Start of EXERCISE DATA

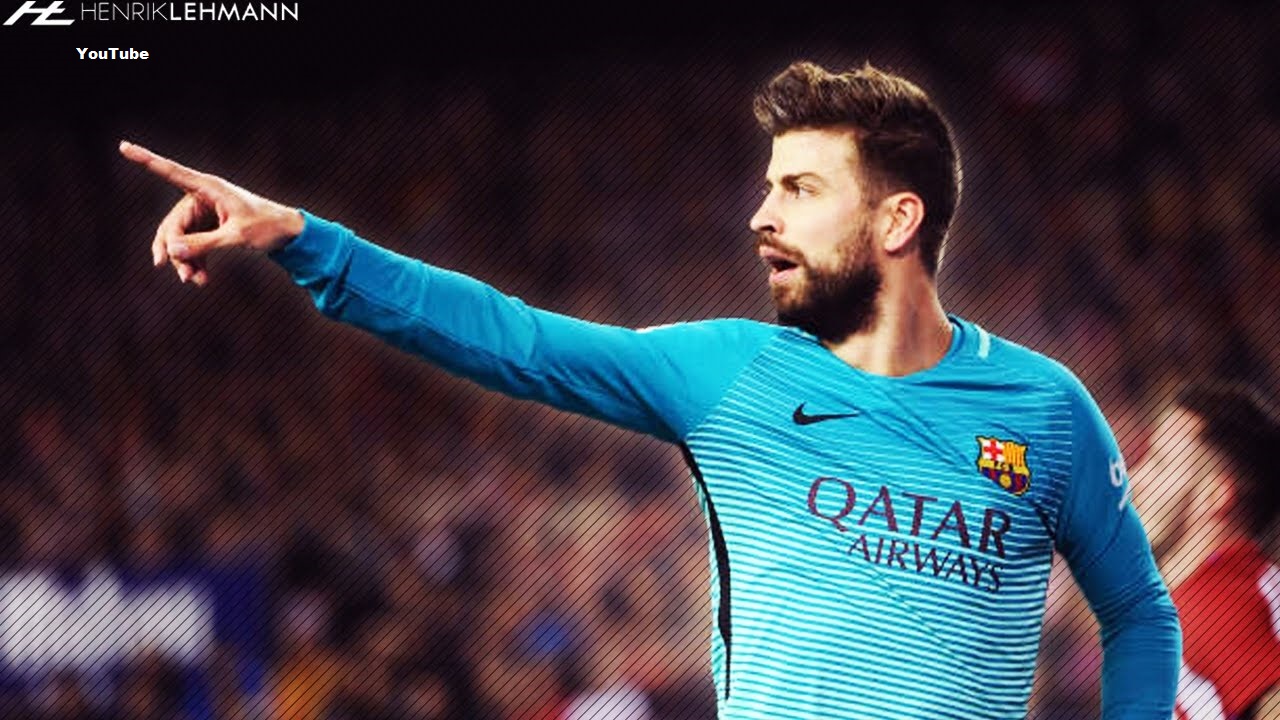 Piqué humilha o Real Madrid com revelação bestial; veja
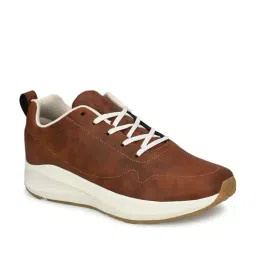 OFF LIMITS Men's Brown Running Shoes image 3
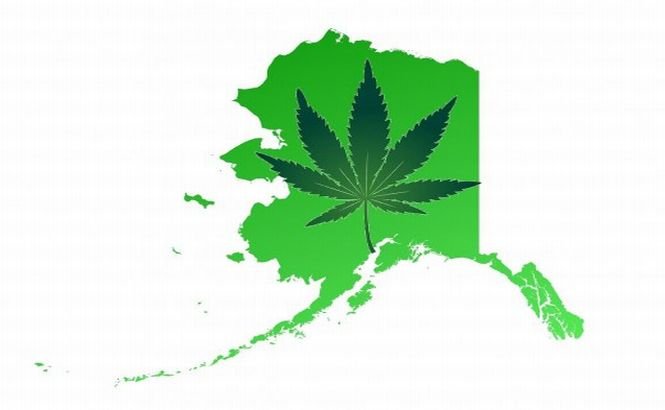 Alaska devine cel de-al treilea stat american care legalizează marijuana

End of EXERCISE DATA

▸ **REQUIREMENT**: Write out the data again word for word, minus any images.

▸ **TASK SOLUTION**:
 Piqué humilha o Real Madrid com revelação bestial; veja
 OFF LIMITS Men's Brown Running Shoes image 3
 Alaska devine cel de-al treilea stat american care legalizează marijuana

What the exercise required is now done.